Not much for low-waged migrants in immigration reset

Immigration Minister Kris Faafoi's immigration reset hopes to offset reliance on low-wage migrants by prioritising high income earners. Photo: Robert Kitchin/Stuff

The Government is selling it as the ‘smart’ option and the answer to the business communities prayers, but will the new immigration settings ingrain inequities in migrant communities?

Prime Minister Jacinda Ardern, speaking to a Business NZ lunch in Auckland on Wednesday via video call, said she was having the “very 2022 experience of isolating with her family”, before announcing the final stages of border reopening will be moved up to July.

She followed the announcement up with the similarly very 2022 experience of fielding a question from Max Key, who approached the microphone and asked the Prime Minister if she was worried about intergenerational fairness, what with “the big build-up in government debt from all the borrowing with the Government”.

Ardern batted the question away with a reference to the questioner’s own father, comparing current government debts to those following the Global Financial Crisis, when Key Sr was at the helm.

But while there was a self-congratulatory and optimistic tone underlying the new settings, which see the border fully reopening on July 31 and Government support to shift away from a reliance on low-skilled migrant labour, the spectre of economic dread did seem to hang over some of the reveal.

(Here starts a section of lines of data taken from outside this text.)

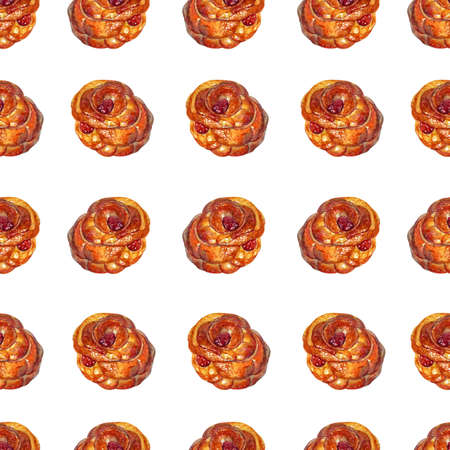 Seamless pattern tof baking in watercolor style. Pretzel, cheesecake, pie, croissants, pastries, bagels and other baked goods. Vintage watercolor concept for bakery or cafe.の写真素材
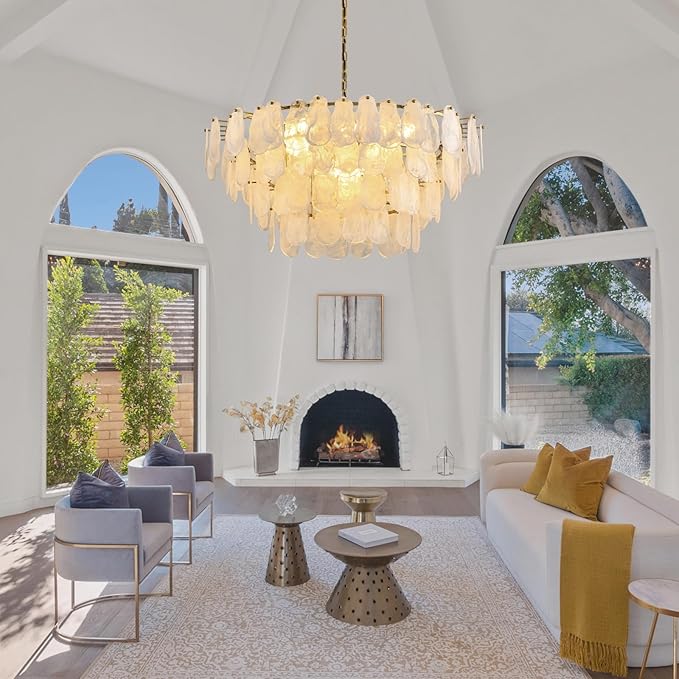 Modern Large Crystal Glass Chandelier, 39.76" Gold Luxury Hanging Pendant Light Fixture,16-Light Round Cloud Ceiling Chandeliers Lighting for Dining Room Living Room Bedroom Foyer Stairway, E12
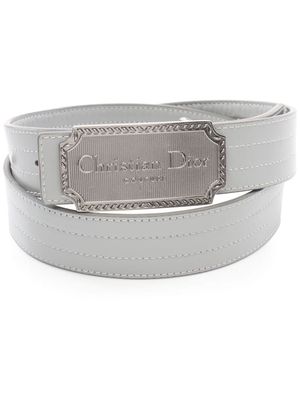 Christian Dior 2010s pre-owned logo-plaque belt - Grey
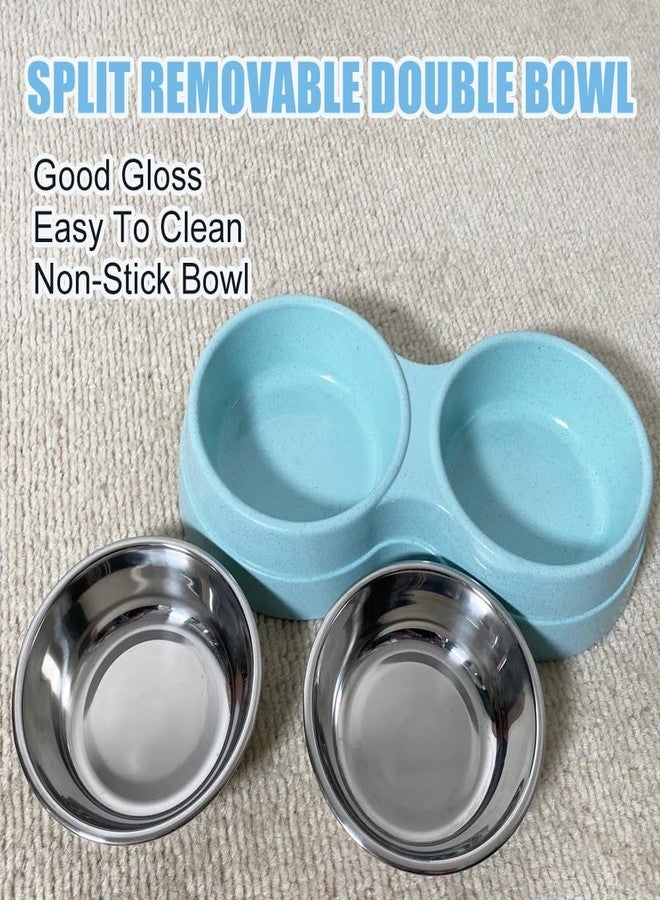 AKEISHE Stainless Steel Double Pet Bowls with Blue Base, 2 Pack - Image 4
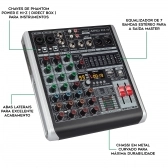 AMW ST6 Mesa de Som 6 Canais 99 Efx Interface de Áudio USB !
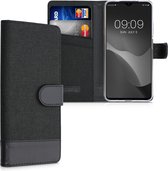 kwmobile telefoonhoesje geschikt voor Xiaomi Redmi 9T - Hoesje met pasjeshouder in antraciet / zwart - Case met portemonnee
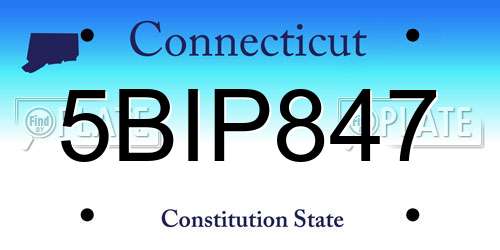 5BIP847 Connecticut License Plate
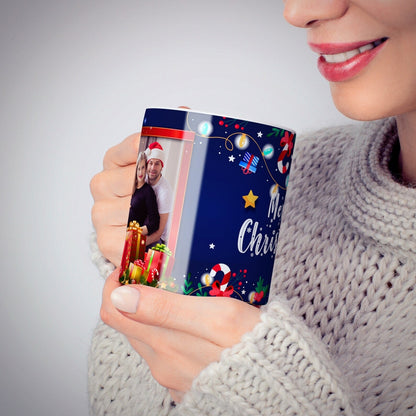 Merry Christmas Lights Personalized Photo Mug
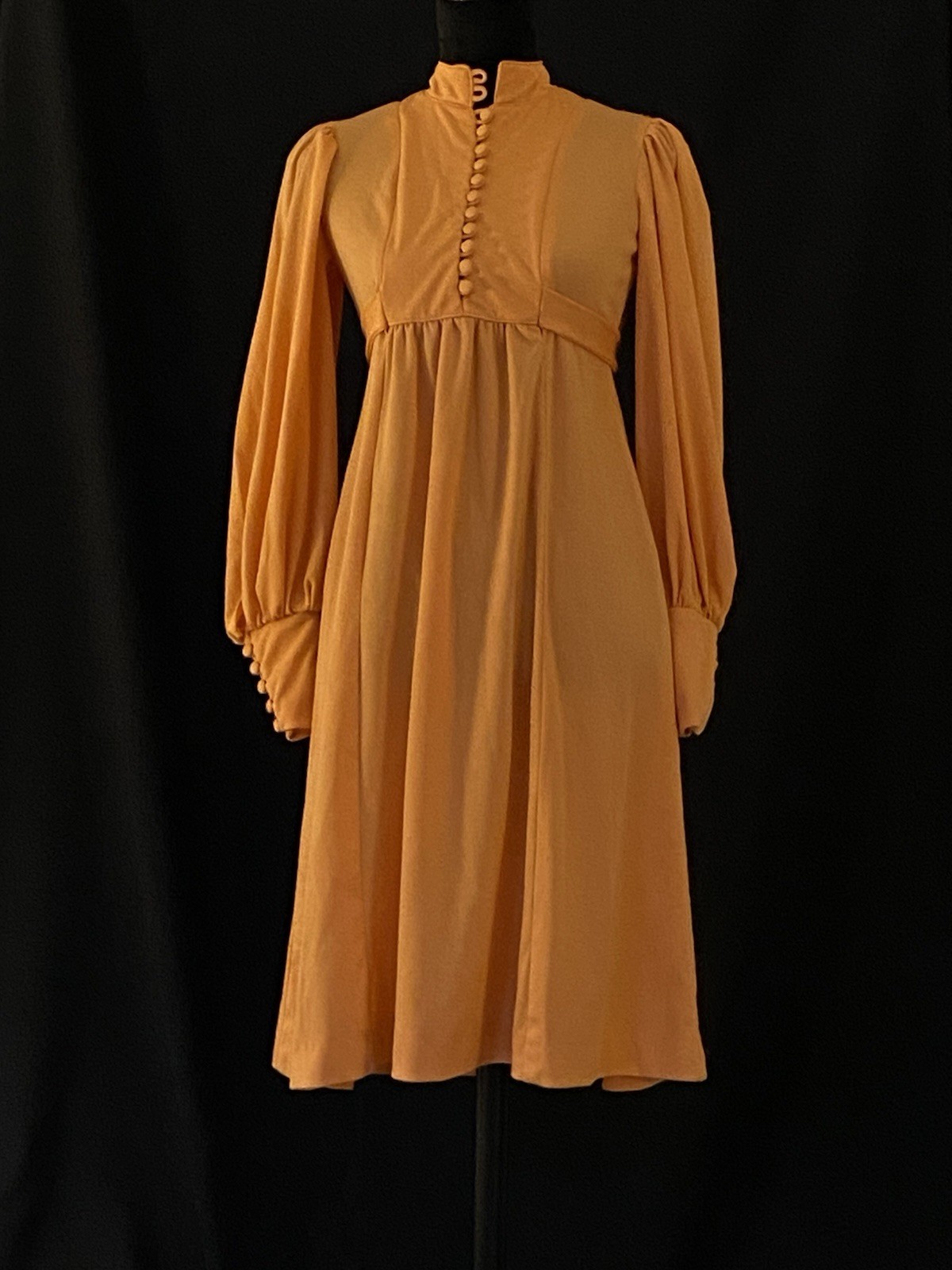 VINTAGE HANDMADE 1970s Orange Empire Waist Midi Dress Sz Small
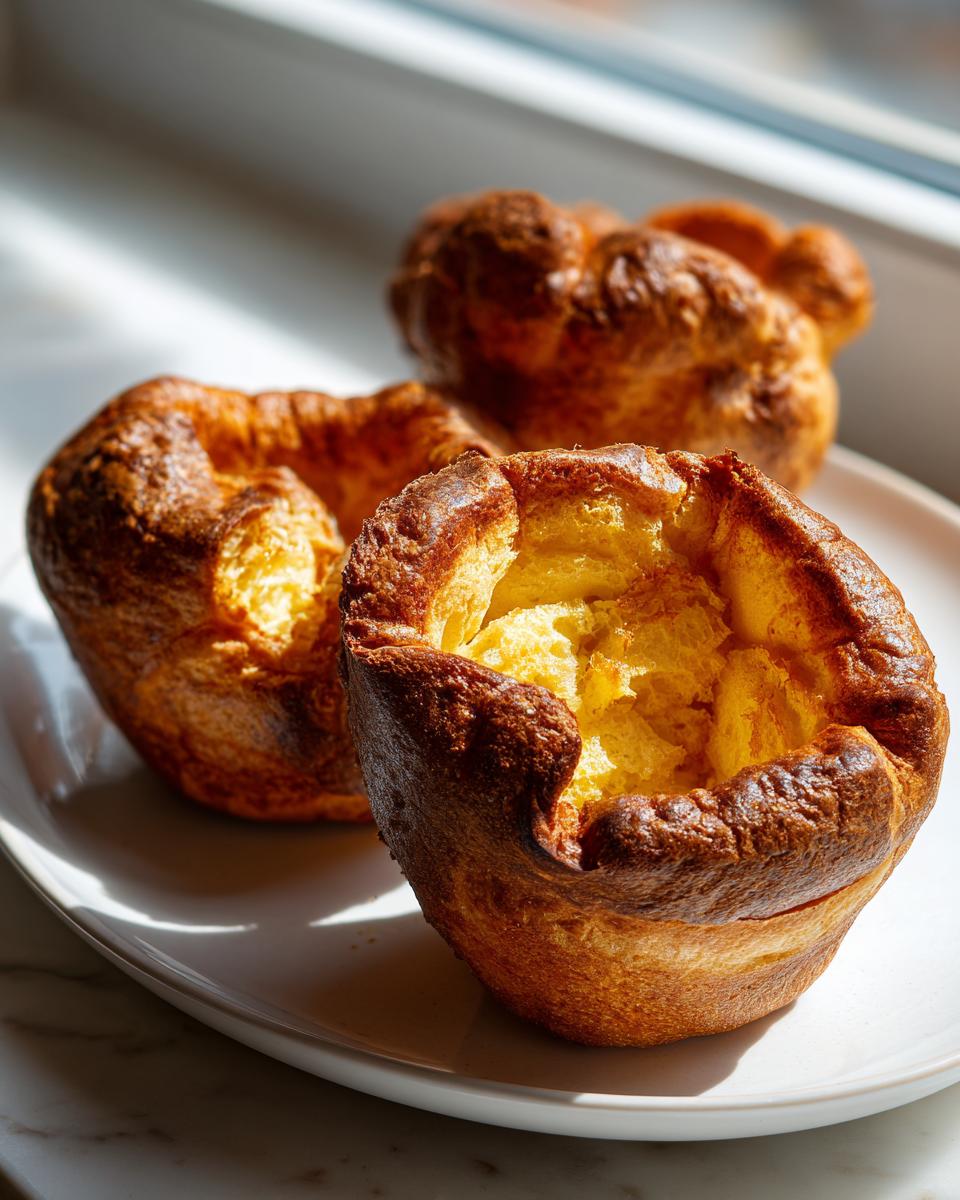Three golden-brown, tall, and airy yorkshire pudding items sitting on a white plate near a window.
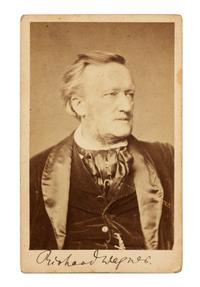 WAGNER, Richard (1813-1883). Carte de visite, signed lower margin (“Richard Wagner”), n.d.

“There are heavy clouds over the world at the moment,” Ardern said after recounting a visit to the ports of Singapore - a way station for a fifth of New Zealand’s total exports - where shipping containers were stacked high as far as the eye could see.

The immigration settings change was packaged as a salve to one of the larger problems the Government is willing to admit exists around immigration - a heavy reliance on low-skilled migrant labour.

A big part of this is the introduction of a Green List of roles which would allow expedited residency. It’s a move Ardern called both a significant milestone and a chance to put immigration settings on a “more sustainable footing”.

These roles include health workers, tradespeople, engineers, teachers, dairy farm managers and tech sector specialists. The list will be divided into two groups, with 56 roles on a straight-to-residence pathway and 29 roles on a two-year work-to-residence pathway.

Immigration Minister Kris Faafoi - appearing in physical space - called the new settings a “rebalance” and said it would support certain sectors to “transition away from their reliance on lower wage migrants, which Covid-19 has shown is not a sustainable business model”.

But while Ardern said the steps taken today were the smart option - saying “overall we had an opportunity here to get smart about immigration, and we've taken it” - questions were raised about the visa processing capacity at Immigration New Zealand, which has seen some visa wait times of over a year despite increases in expenditure and staff in the past few years.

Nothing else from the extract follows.